Oversized insects are climbing up the walls of the basement, dogs are partying, a broken dog-puppet lies on an old worn table top, other dogs have replaced their master on favourite chairs and play Twister while, in a different role reversal, a naked man, collared like a dog with a chain leash is crashing into a car windscreen.

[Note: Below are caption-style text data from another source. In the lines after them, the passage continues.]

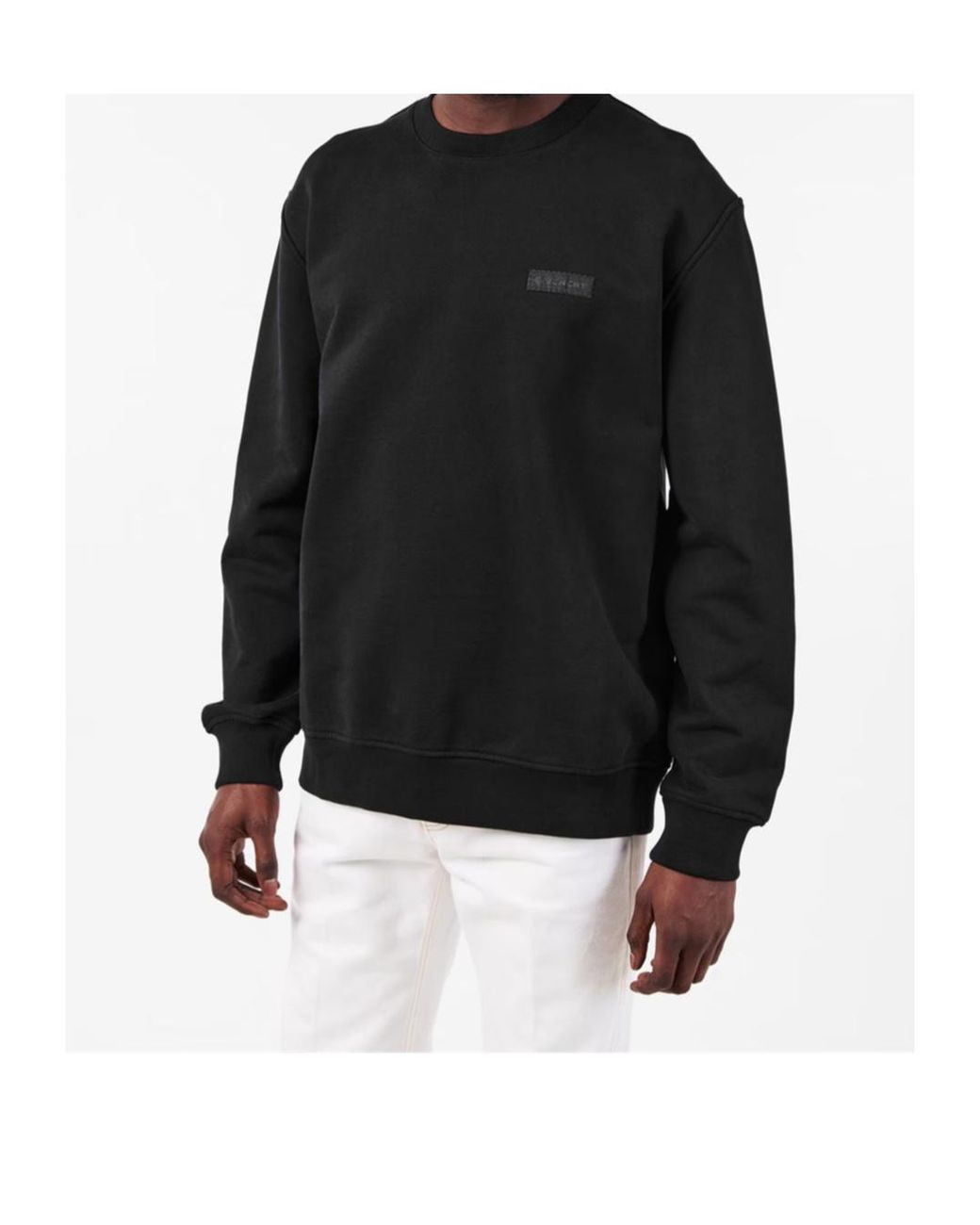 Givenchy Black Crew Sweater for men
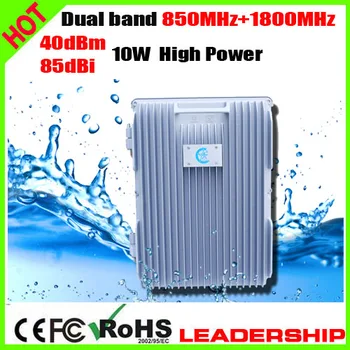 

CDMA+DCS 850mhz+1800mhz 10Watts 85dbi Dual band mobile phone signal repeater booster amplifier detector Farm Village Desert U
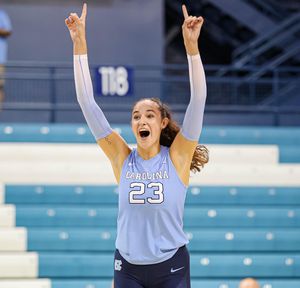 Image post by @uncvolleyball on Instagram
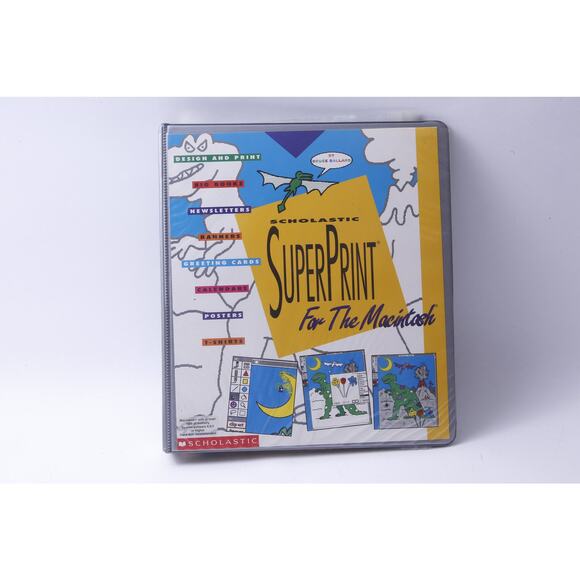 Macintosh Software, Floppy Disk, Diskette, Scholastic Superprint, Design, Print - Picture 1 of 3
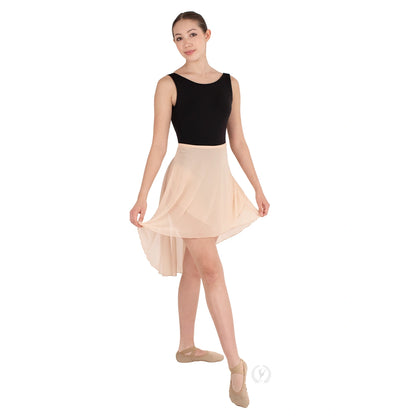 Dramatic Mesh Wrap Skirt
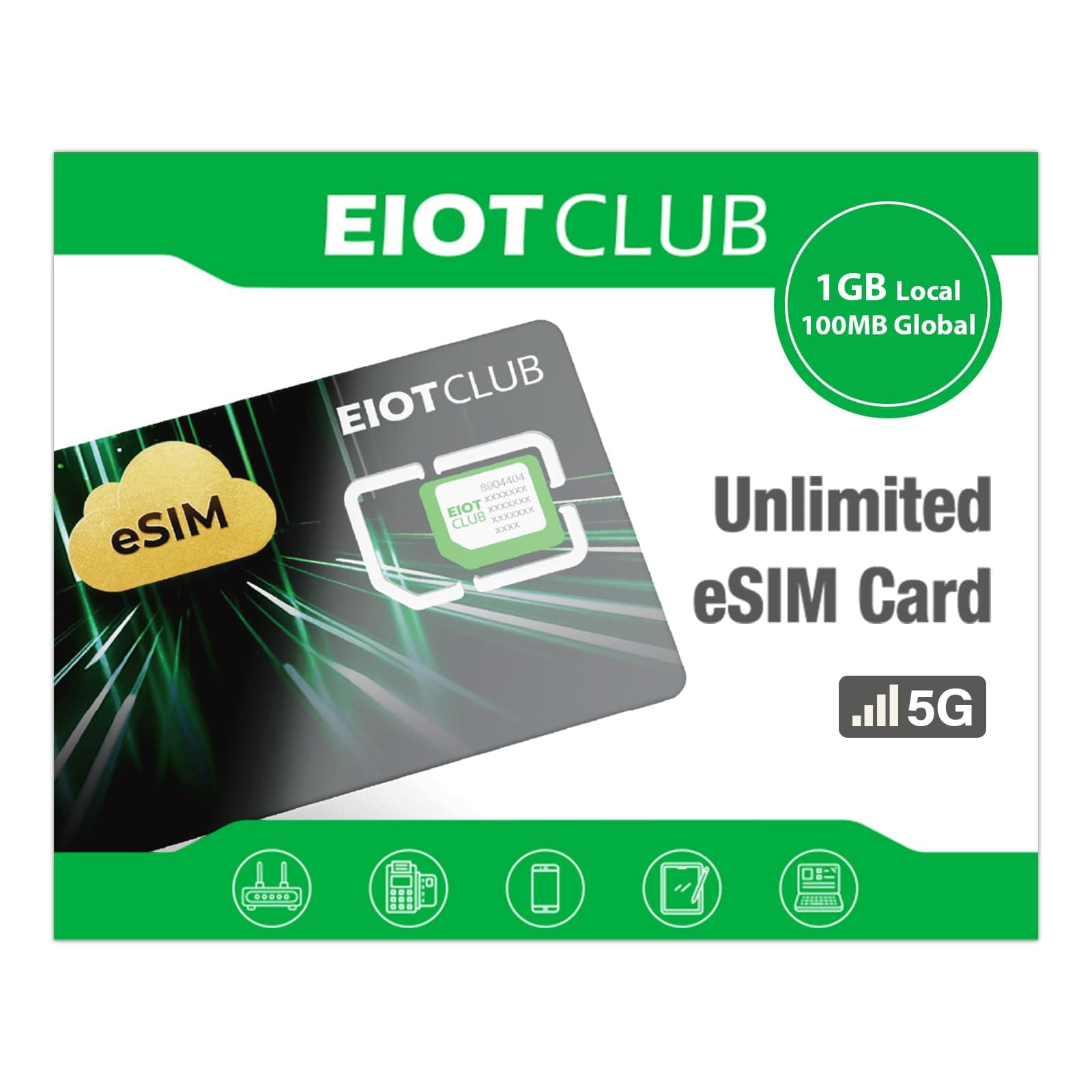 EIOTCLUB Physische eSIM-Karte für Android – Macht Android-Smartphones eSIM-fähig, Unbegrenzte eSIM-Profil-Downloads, Daten-Roaming in Europa, UK, USA & 200+ Ländern Angebot bei HelloDeals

All this was taking place in the heart of Mayfair in “Animal Farm – Beastly Muses and Metaphors” at Sǀ2, the latest exhibition at Sotheby’s contemporary art space in St George Street, opened in October 2013 across the road from the more traditional auction rooms, and now established on the London scene with five contemporary selling exhibitions a year organised.
The Gallery was designed by David Kohn Architects with the same attention to detail that comes through in his competition-winning design for a new quadrangle for New College Oxford. “Animal Farm – Beastly Muses and Metaphors” explores the long, complex and varied relationship between humans and animals, both domesticated and wild, a connection which has been represented in art from prehistoric cave paintings up to the modern day.
Curator Suzanne van Hagen has brought together an international selection of work spanning the last century from Francois Pompon’s bronze sculpture of a Polar Bear of 1921 and George-Lucien Guyot’s powerful Seated Orangutang with Spread Arms (c.1930), through Pablo Picasso’s Bull Fight (1948), Max Ernst’s Femme, Maison, Moineau, (1965), Joan Miro’s Oiseaux (1976), Lynn Chadwick’s Beast Alerted (1990), Lucien Freud’s Pluto Aged 12 (2000) to Gavin Turk’s Pandy Warhol bears and wallpaper (2014) and to 2016 with Polly Morgan’s animal-skin sculptures, Dean Adam’s ceramics and Friederich Kunath’s fox I am Starting to Feel OK.
A multi-media exhibition with sculpture, prints, paintings, photography and, in the 21st century, digital work such as Moussa Sarr’s videos, with counterpoints between sculptures in the room and artworks behind, such as George-Lucien Guyot’s Orangutang Alison Katz’s hanging monkey, in date almost 80 years apart.